--- Exercise inputs Enclosed Below ---
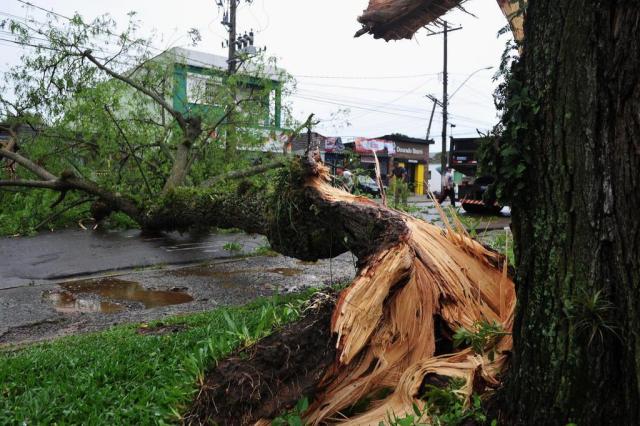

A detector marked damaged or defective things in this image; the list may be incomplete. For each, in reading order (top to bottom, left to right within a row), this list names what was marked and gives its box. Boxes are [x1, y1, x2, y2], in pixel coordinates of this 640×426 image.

splintered wood [300, 163, 516, 422]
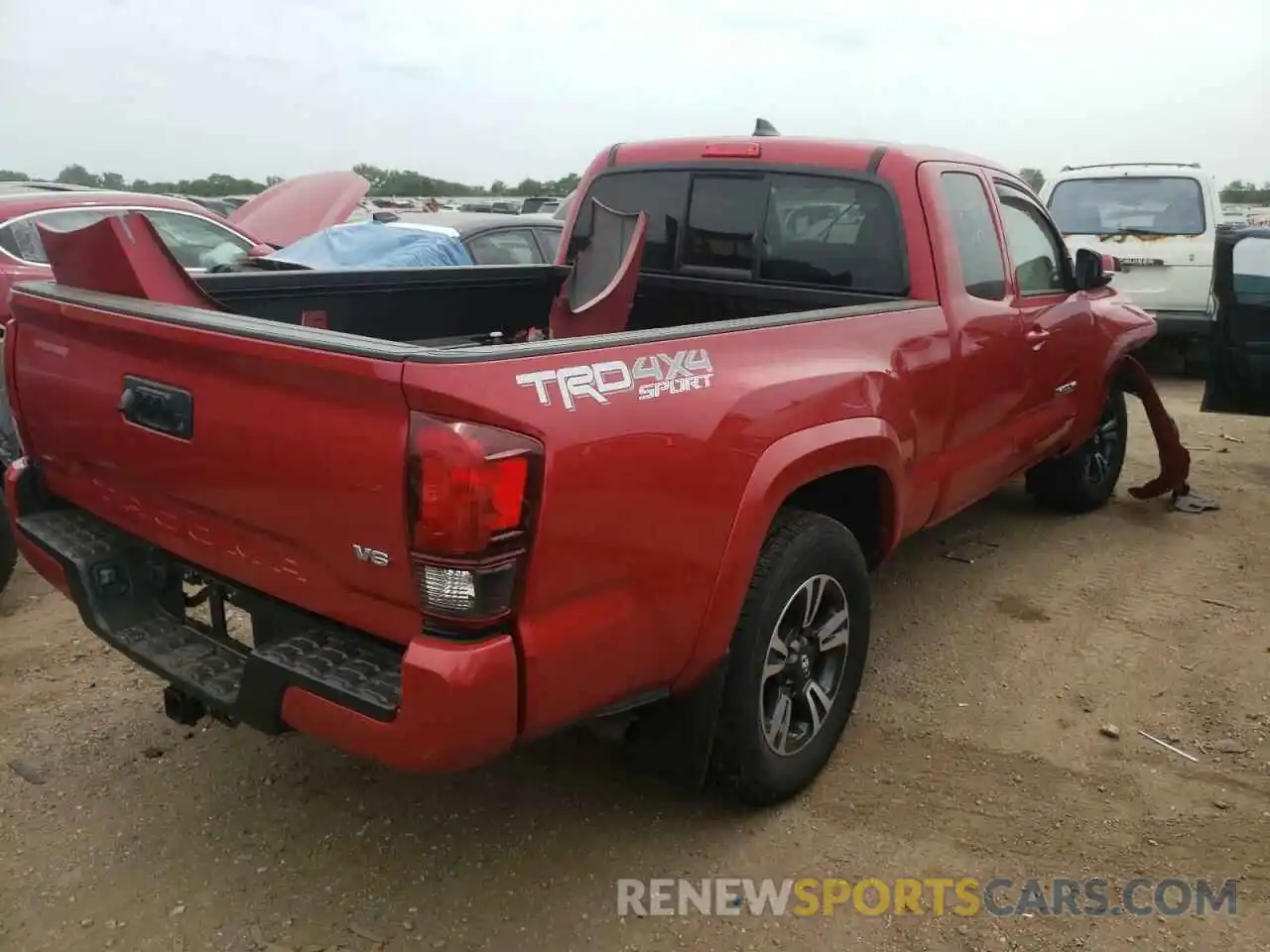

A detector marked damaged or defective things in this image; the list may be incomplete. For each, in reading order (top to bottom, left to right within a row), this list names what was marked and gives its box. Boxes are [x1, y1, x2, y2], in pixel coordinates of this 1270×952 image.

wrecked vehicle [5, 132, 1183, 801]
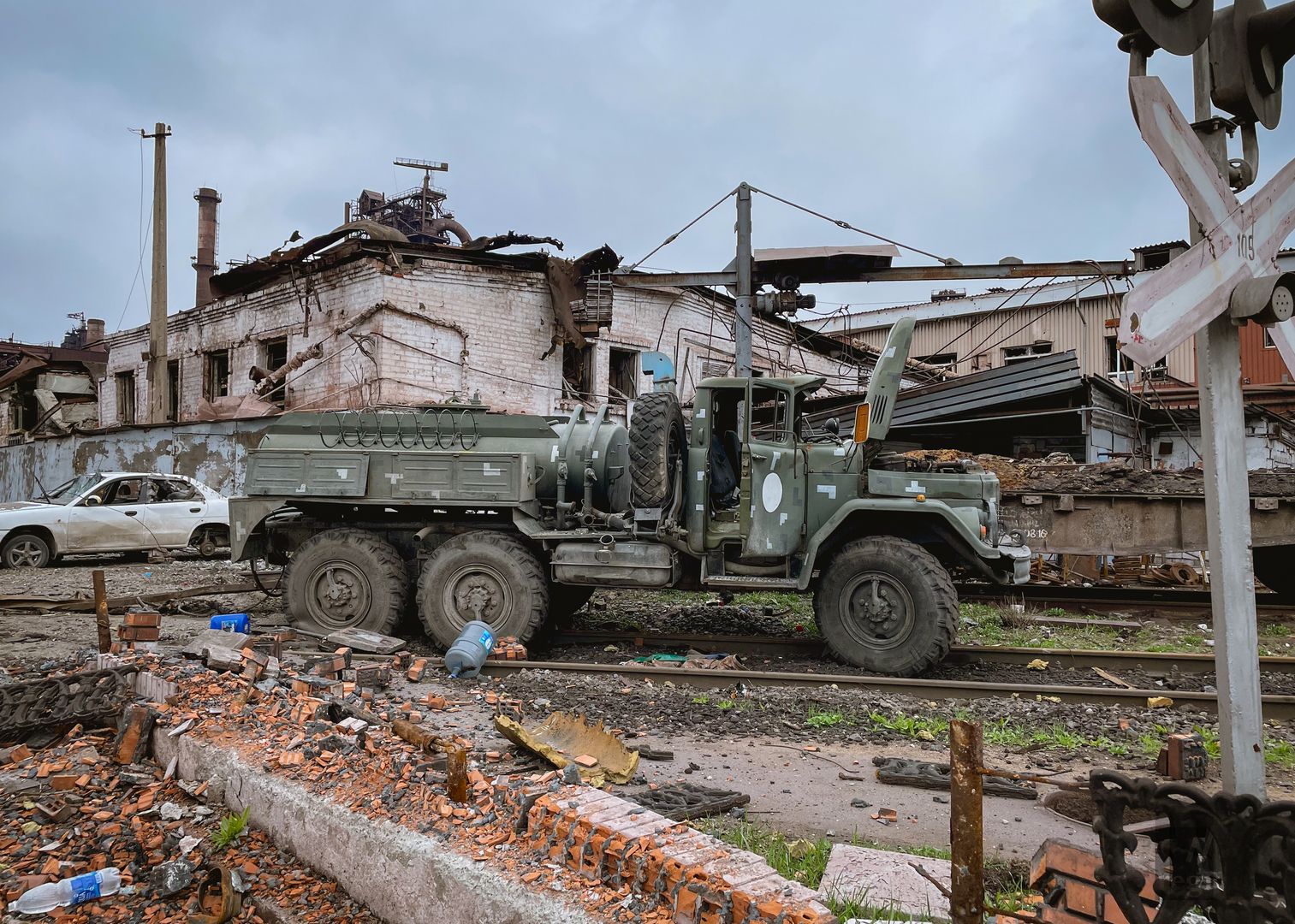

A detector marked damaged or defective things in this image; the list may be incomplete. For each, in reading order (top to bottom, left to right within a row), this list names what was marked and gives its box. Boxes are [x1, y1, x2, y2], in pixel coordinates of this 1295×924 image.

broken window opening [115, 370, 135, 422]
broken window opening [164, 357, 180, 422]
broken window opening [203, 349, 231, 398]
broken window opening [260, 336, 288, 403]
broken window opening [559, 341, 592, 398]
broken window opening [611, 346, 642, 403]
damaged white car [0, 471, 230, 564]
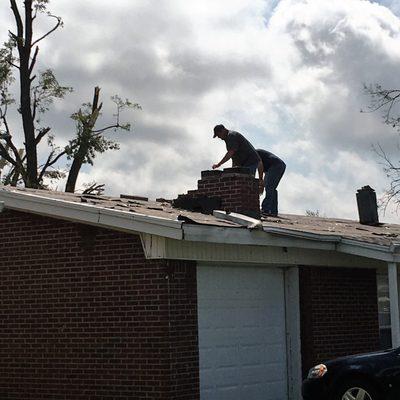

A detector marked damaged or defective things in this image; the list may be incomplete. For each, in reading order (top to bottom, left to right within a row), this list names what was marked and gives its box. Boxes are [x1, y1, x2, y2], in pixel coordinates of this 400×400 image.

damaged roof [0, 186, 398, 248]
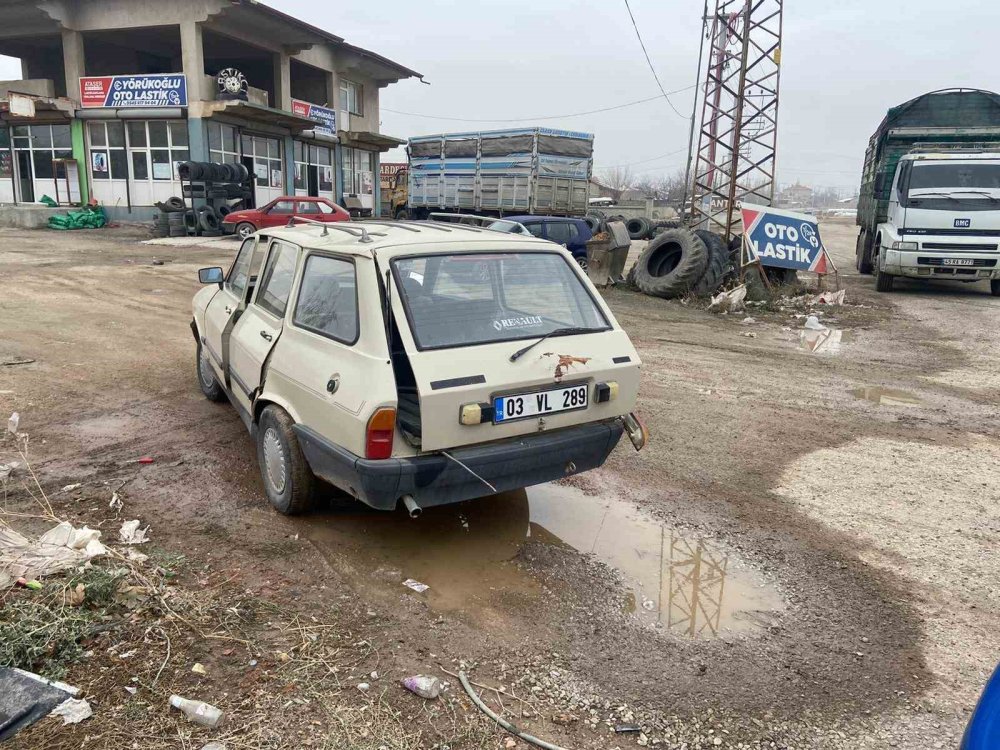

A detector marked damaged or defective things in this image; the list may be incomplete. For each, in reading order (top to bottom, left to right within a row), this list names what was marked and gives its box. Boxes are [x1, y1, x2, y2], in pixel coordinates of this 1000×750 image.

damaged bumper [292, 420, 624, 516]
--- End of Enclosed Exercise inputs ---
▶ **Exercise brief**
Nothing but the lines from the line with "this 1295×924 image." through the last line of the listing above should be repeated, and pictures should be left out.

▶ **Task output**
A detector marked damaged or defective things in this image; the list may be incomplete. For each, in reading order (top to bottom, left to right within a row), this list names what was marked and gives its box. Boxes are [x1, y1, x2, y2], in pixel coordinates of this 1295×924 image.

broken window opening [115, 370, 135, 422]
broken window opening [164, 357, 180, 422]
broken window opening [203, 349, 231, 398]
broken window opening [260, 336, 288, 403]
broken window opening [559, 341, 592, 398]
broken window opening [611, 346, 642, 403]
damaged white car [0, 471, 230, 564]

A detector marked damaged or defective things in this image; the list may be incomplete. For each, in reading order (top to bottom, left to right within a row), this list names what was marked and gives its box. Boxes are [x1, y1, x2, y2], in pixel coordinates of this 400×400 image.

damaged roof [0, 186, 398, 248]

A detector marked damaged or defective things in this image; the list may be incomplete. For each, in reading order (top to bottom, left to right within a row), this list names what was marked and gives its box. Boxes are [x1, y1, x2, y2], in pixel coordinates of this 1000×750 image.

damaged bumper [292, 420, 624, 516]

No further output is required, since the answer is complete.